法治でも人治でもない国ニッポン

特に金融政策や産業政策に絡んで、アメリカの政財界から「日本はrule-based systemでない」という批判がなされることがある。一体何をいいたいのか、金融業界で働くまで自分には意味がわからなかった。一般的な日本人の実感としてはむしろ逆じゃないかという印象を抱くのではないだろうか。ましてや、アメリカ生活を経験してみると、日常生活に関する限り、日本の方がrule-basedでない点はほぼ皆無に等しい。電車やバスは時間通りに来ない、警察の適当な取締りと手続きには埼玉県警もビックリ、役所に行っても窓口の担当者によってころころ変わる対応etc、アメリカのどこがrule-based systemなのか?というのが偽らざる感覚である。
では、アメリカが例によって自国企業進出のために事実無根の言いがかりをつけてきてるのかというと、それは否、だと思う。日常レベルでは極めてルーズで一貫性を欠くアメリカだが、ことが金融やら産業政策に絡んで意思決定が重要なものになればなるほどrule-basedになり、かつ透明性や説明責任が求められる。また、そうでなければ政府や公的機関はすぐに批判にさらされ裁判沙汰になる(但し貿易関係では政治家の介入でしばしばワケワカランことを言い出す傾向があるが)。

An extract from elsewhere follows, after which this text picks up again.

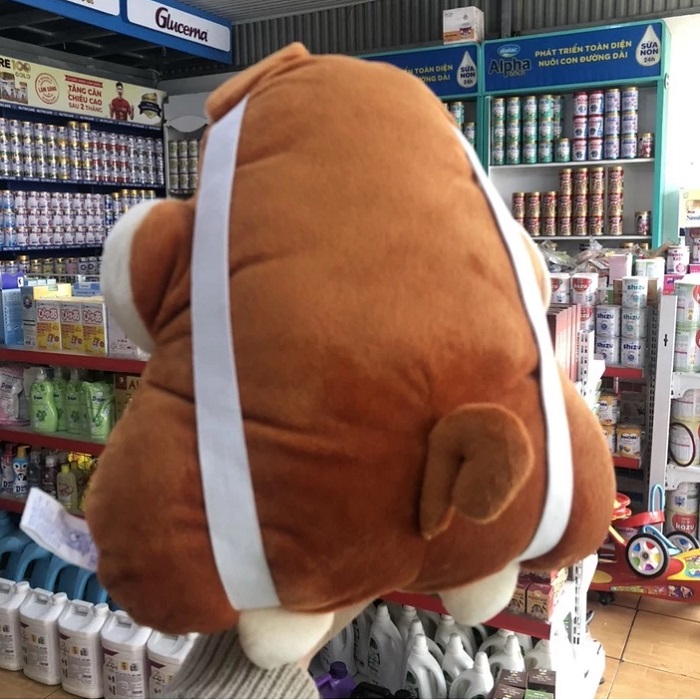 GỐI ĐI XE MÁY HÌNH CON SÓC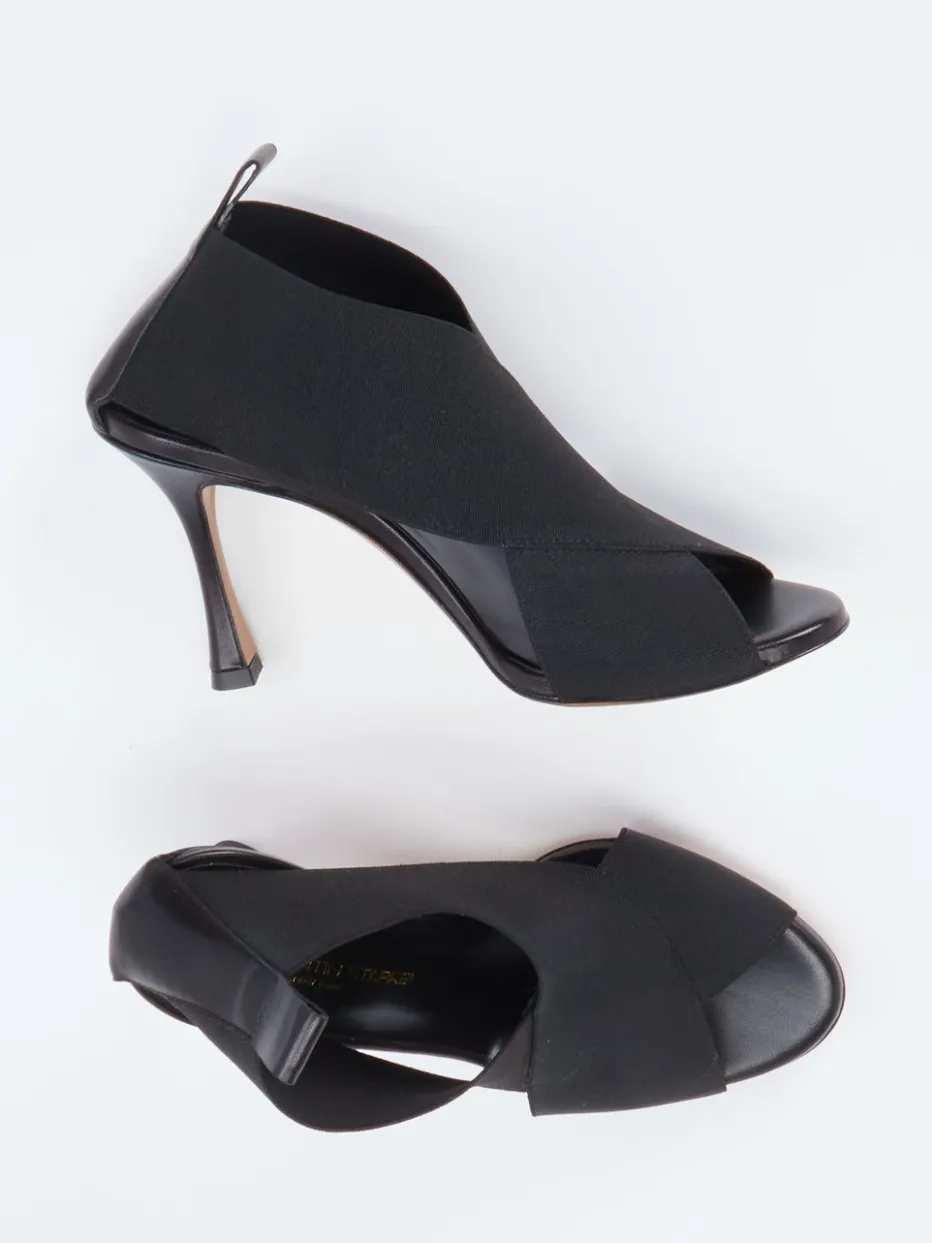 Damen Konstantin Starke – Peep-Toe Stiefelette aus Stretch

これが日本では事情が逆で、日常ではむしろrule-basedが徹底されているにも関わらず、重要な意思決定になればなるほど、例えば官僚に裁量があり、そこに政治家からの介入の余地があり、決定過程や基準がブラックボックス化する傾向がある。いや、正確には「あった」だと思っていたのだが。
何故こんな話をするかというと、日興コーディアルの上場維持決定である。金融庁東証の意味不明な裁量は今に始まったことではなく、憤っているのはなにもアメリカ人ばかりではなく日本人でも心ある金融関係者はそういう気持ちだろうが、too big to failならぬtoo big to punishとでも言えばいいのか、悪質な粉飾決算にも関わらず「日興故に」としか思えない今回の決定。あらためて日本の金融インフラが全くrule-basedでないことを世界に露呈してしまったわけで、シティ側のリアクションはまだわからないが、これはアメリカ様が言うか言わないかの問題ではなく、日本は金融途上国ですと自己主張しているようなものだと思う。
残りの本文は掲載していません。